> **Working data**:
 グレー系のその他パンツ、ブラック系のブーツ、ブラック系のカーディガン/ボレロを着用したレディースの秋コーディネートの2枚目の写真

==

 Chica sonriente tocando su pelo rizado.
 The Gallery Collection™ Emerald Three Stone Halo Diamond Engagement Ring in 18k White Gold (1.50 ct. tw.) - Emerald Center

> **Problem to work on**: Each line above from the one with "Chica sonriente tocando su pelo rizado." up to and including the one with "The Gallery Collection™" must be set down exactly, and no line outside that span may appear.

> **Solution to this task**:
 Chica sonriente tocando su pelo rizado.
 The Gallery Collection™ Emerald Three Stone Halo Diamond Engagement Ring in 18k White Gold (1.50 ct. tw.) - Emerald Center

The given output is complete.